The present invention relates to a radiant beam coordinate detector system, more particularly, to a crossed infrared beam coordinate detector.
Crossed infrared beam X-Y coordinate detection and encoder systems are well known in the art. See U.S. Pat. Nos. 3,764,813; 3,775,560; 3,860,754; 4,243,879; 4,267,443; and 4,384,201, for example. Typically in these systems x and y coordinate arrays of paired infrared light sources and detectors are caused to scan a display surface with crossed light beams by an electronic scanning system. When any of the beams are interrupted the prior art detection systems are equipped for determining the position of the interrupted beams.
Problems encountered in the design of a crossed radiant beam coordinate detection system such as those described above include: ambient light interference which produces radiation in the IR spectrum that can interfere with operation of the system; wide variation in performance of optoelectronic devices due to differences in optical and mechanical axes; aging of emitters which reduces their output; scattering, reflection, and attenuation effects due to the housing used for mounting the emitter/detection pairs; and the optical alignment of emitters/detectors.

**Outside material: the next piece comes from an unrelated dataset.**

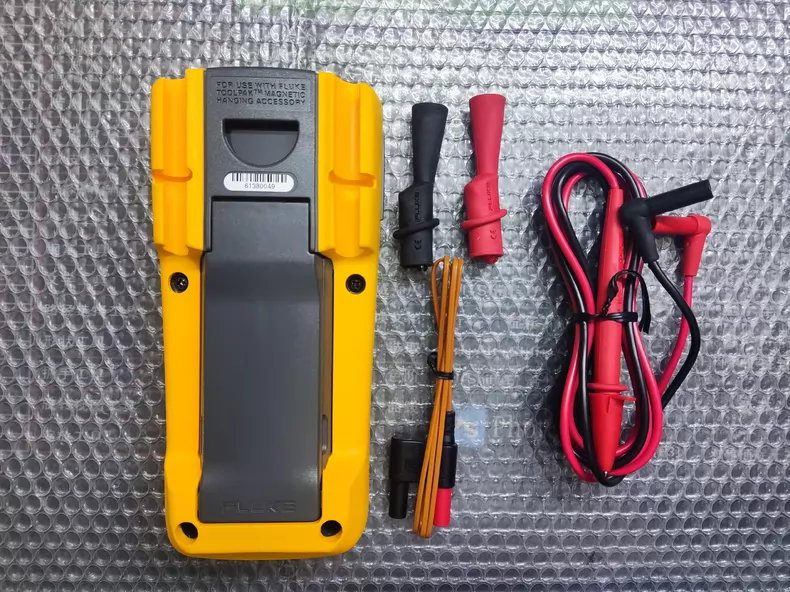 FLUKE 233 Multimeter thumbnail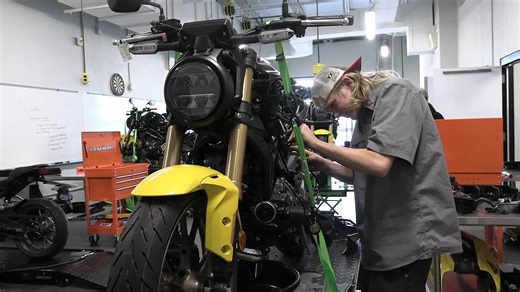 Have you ever wanted to learn how engines work!? Check out Small Engines at PVHS! This is one of the many CTE courses available for students to take. Stop by to see Mr. Mattson with any questions you have. Keep an eye out for registration information coming soon! Commercial created by students in Audio/Video Production I. | Prairie View High School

U.S. Pat. Nos. 3,764,813, 3,775,560 and 3,860,754 disclose systems in which the arrays of emitters and detectors are electronically sequentially scanned. This helps reduce problems due to emitters/detectors being non-aligned and the effects of scattering, reflections etc.

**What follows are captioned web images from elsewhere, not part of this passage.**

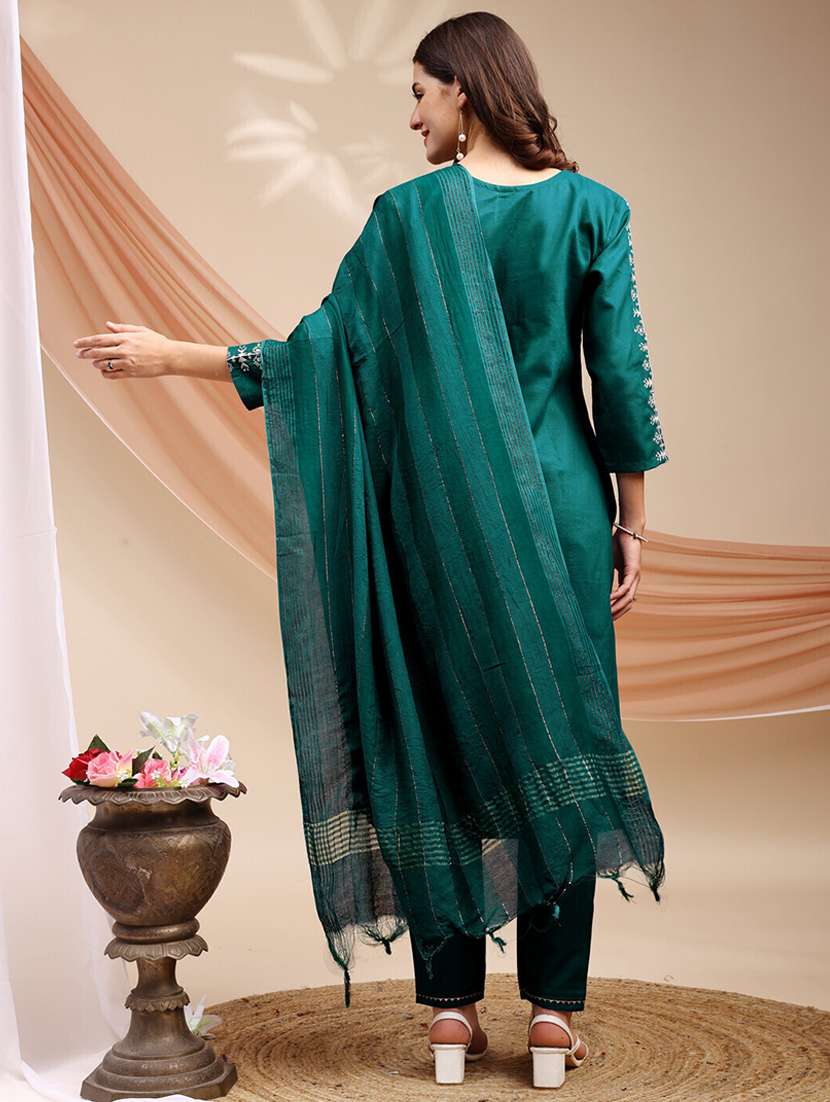 women three quarter sleeve kurta pant with dupatta set - 22014302 -  Standard Image - 3
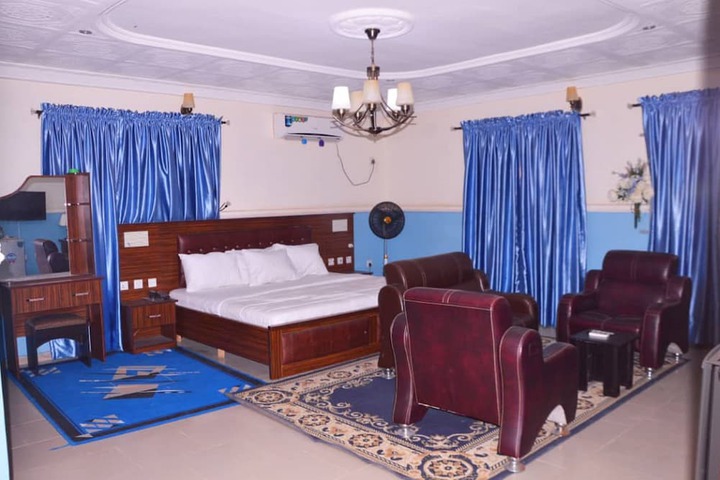 Room 11 of 18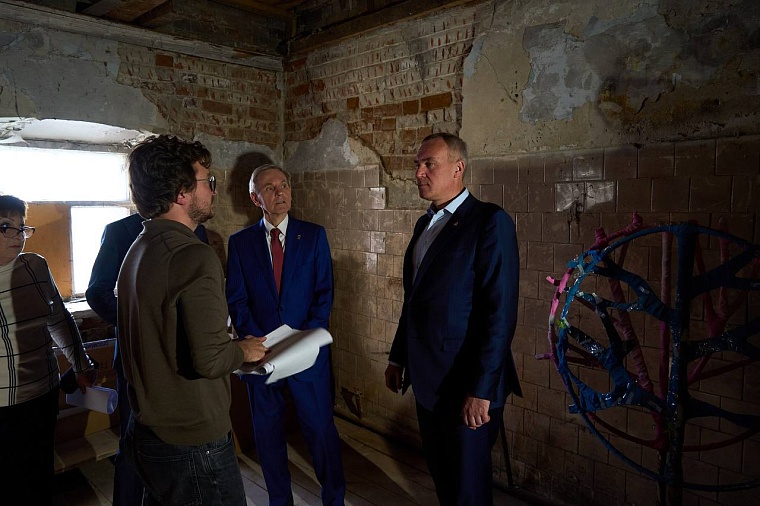 На пешеходной улице Дзержинского в Тюмени распахнет двери "Дом сказки Ершова"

U.S. Pat. No. 4,243,879 discloses a means for compensating for ambient light fluctuations in the performance of crossed beam coordinate detection and encoding systems, while U.S. Pat. Nos. 4,267,443 and 4,384,201 disclose among other things a means for determining the relative size or center line of the object which is interrupting the beams.
Despite the advantages of the above described systems a need still exists for an improved crossed beam coordinate detection and encoding system which addresses the above problems with greater flexibility.